▸ Task requirements
Beginning at the line that contains "Das verrät die", reproduce the entries below exactly, ending with the line that contains "Pure Radiance Overnight Lip Treatment 4". Omit each picture.

▸ Source material
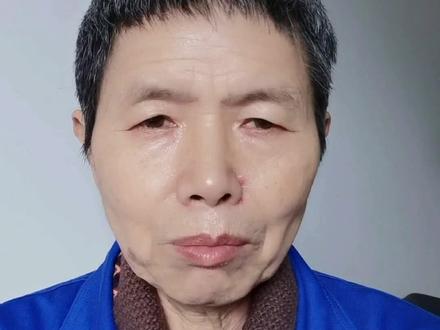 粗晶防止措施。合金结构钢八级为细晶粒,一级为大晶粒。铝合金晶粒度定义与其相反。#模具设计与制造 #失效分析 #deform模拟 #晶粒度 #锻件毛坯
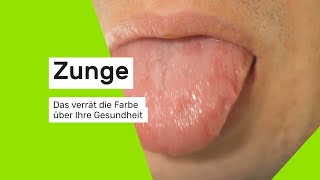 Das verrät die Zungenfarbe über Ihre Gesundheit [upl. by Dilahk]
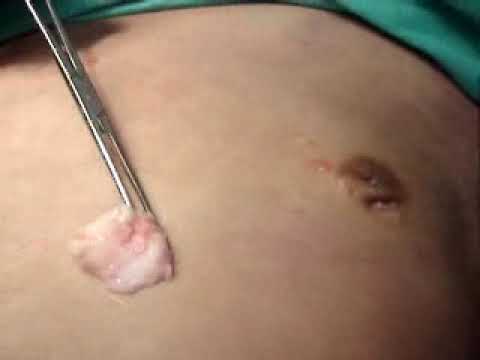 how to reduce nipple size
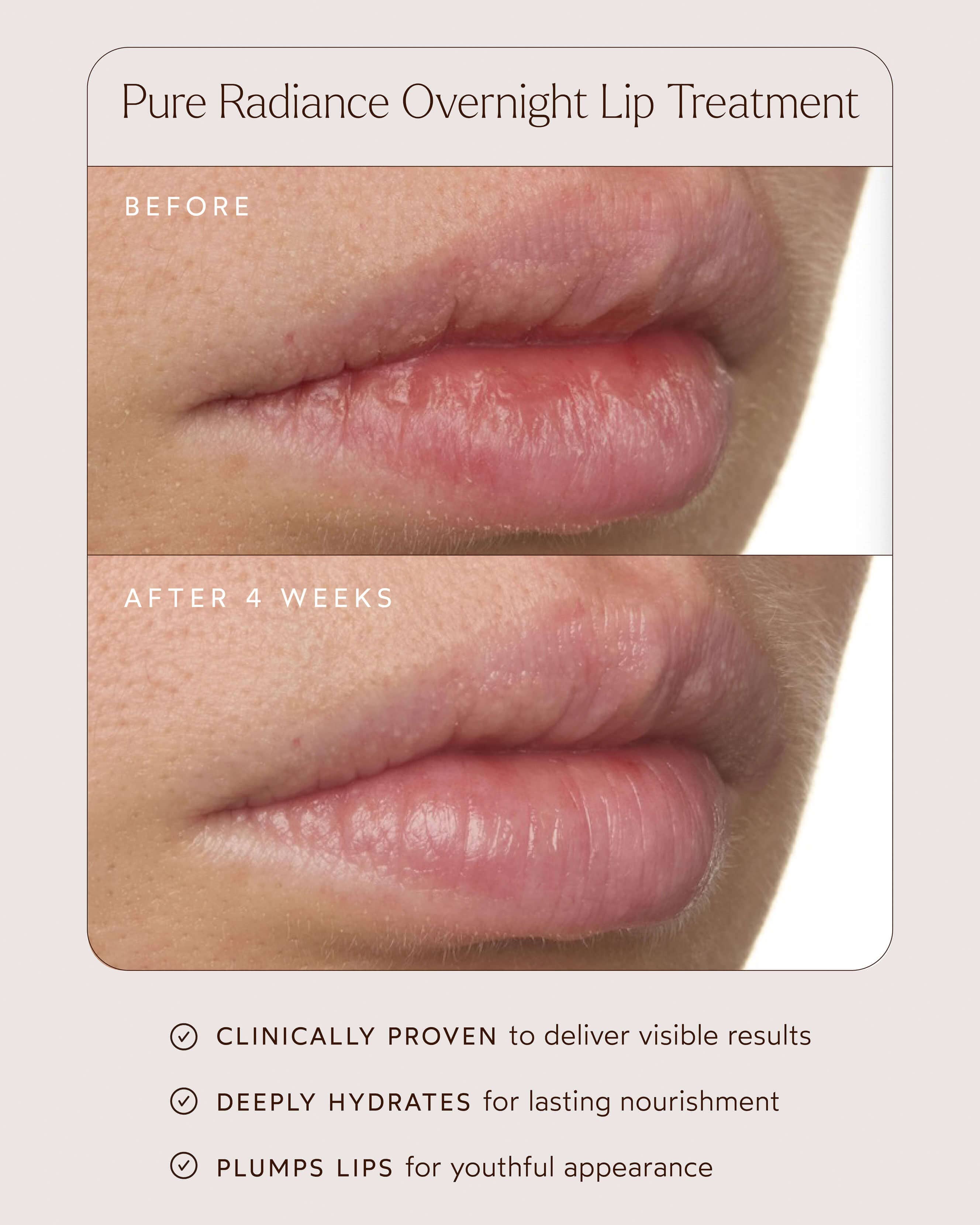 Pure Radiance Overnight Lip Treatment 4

* * *

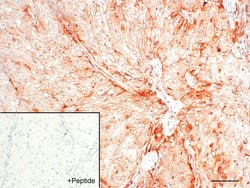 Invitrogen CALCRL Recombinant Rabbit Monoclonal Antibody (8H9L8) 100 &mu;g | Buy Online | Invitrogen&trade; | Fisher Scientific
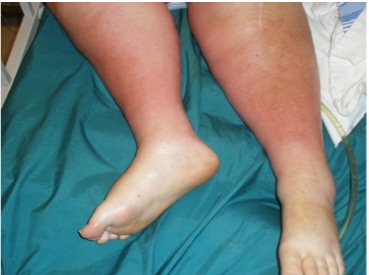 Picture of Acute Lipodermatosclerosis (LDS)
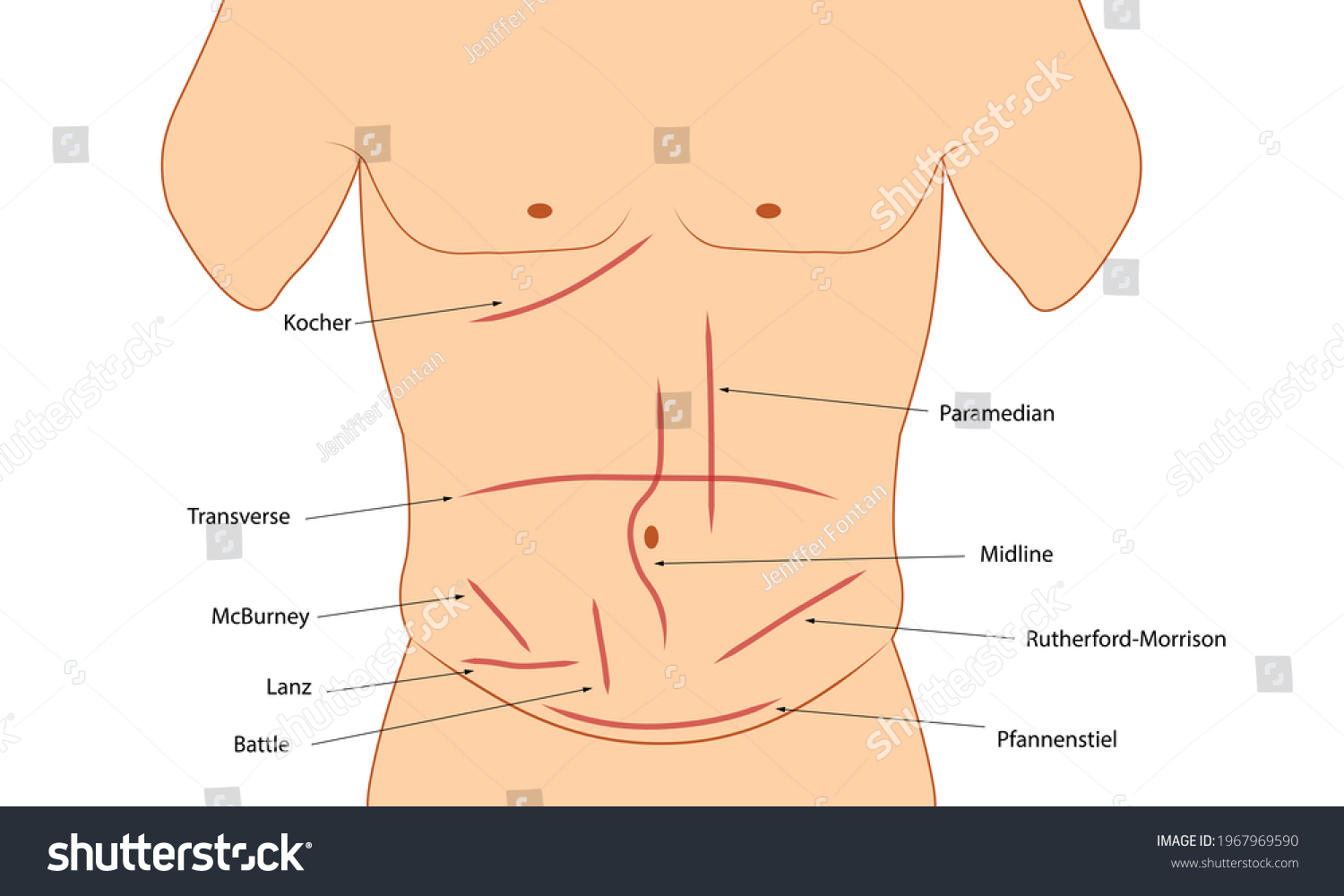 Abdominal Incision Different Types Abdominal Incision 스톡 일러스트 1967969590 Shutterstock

▸ Solution below
 Das verrät die Zungenfarbe über Ihre Gesundheit [upl. by Dilahk]
 how to reduce nipple size
 Pure Radiance Overnight Lip Treatment 4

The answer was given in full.